# Interesting new wire connectors - possibly good for car audio



## less (Nov 30, 2006)

Hey guys (and gals)

A couple of days ago I got an email from Wirecare.com with a new wire connector product that looks interesting. I haven't looked into it too much but figured I'd share the link here and let anyone interested in them be their own judge. 

Offhand, I might get a couple of them so I can simply unclip my kick panels and pull the whole things out at one time - using the gold plated, 14-16ga versions - possible with boots. 
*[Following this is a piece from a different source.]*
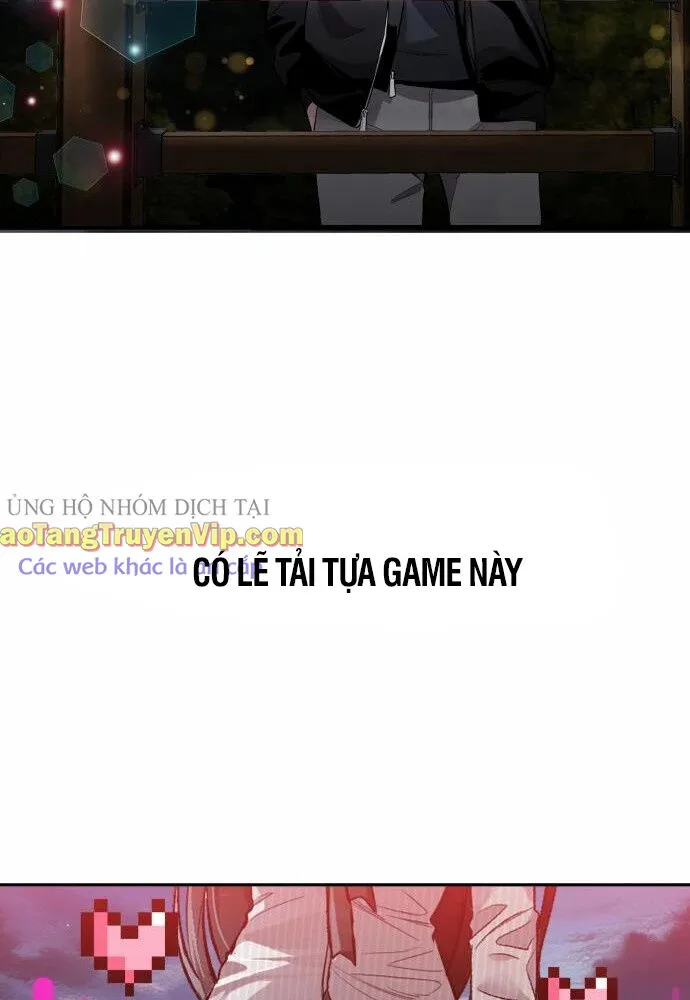 Trang 116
Here is the link: Deutsch DT

And here is a quick pic:










There've been a few different conversations on here about suitable connectors for speaker wires and other wires in the car environment, so rather than reply to each thread, I'm just posting this here under a new topic. 

What do you all think?

Less


----------



## tomrspears (May 2, 2009)

less said:


> Hey guys (and gals)
> 
> A couple of days ago I got an email from Wirecare.com with a new wire connector product that looks interesting. I haven't looked into it too much but figured I'd share the link here and let anyone interested in them be their own judge.
> 
> ...


i see them on the engines i work on at work. there very small and i dont think they would be to good.


----------



## 1zach4 (Feb 13, 2008)

when I worked as an electrical installer for a firetruck manufacturer we used these types of connectors all of the time due to nfpa compliance. I don't really care for them but they work well


----------



## JayinMI (Oct 18, 2008)

Reminds me of GM Weatherpak connectors.
I think I'll just use Dean's Ultra Connectors...

http://www.wsdeans.com/products/plugs/ultra_plug.html

Jay


----------



## GlasSman (Nov 14, 2006)

JayinMI said:


> Reminds me of GM Weatherpak connectors.
> I think I'll just use Dean's Ultra Connectors...
> 
> Deans - Plugs
> ...


The Deans are nice since they have less resistance than 12 gauge wire.


----------



## katodevin (Feb 14, 2008)

I thought I was the only one who used Deans!!!! Nice. I wish they made a monster sized one that we could use for main power/ground.


----------



## snaimpally (Mar 5, 2008)

katodevin said:


> I thought I was the only one who used Deans!!!! Nice. I wish they made a monster sized one that we could use for main power/ground.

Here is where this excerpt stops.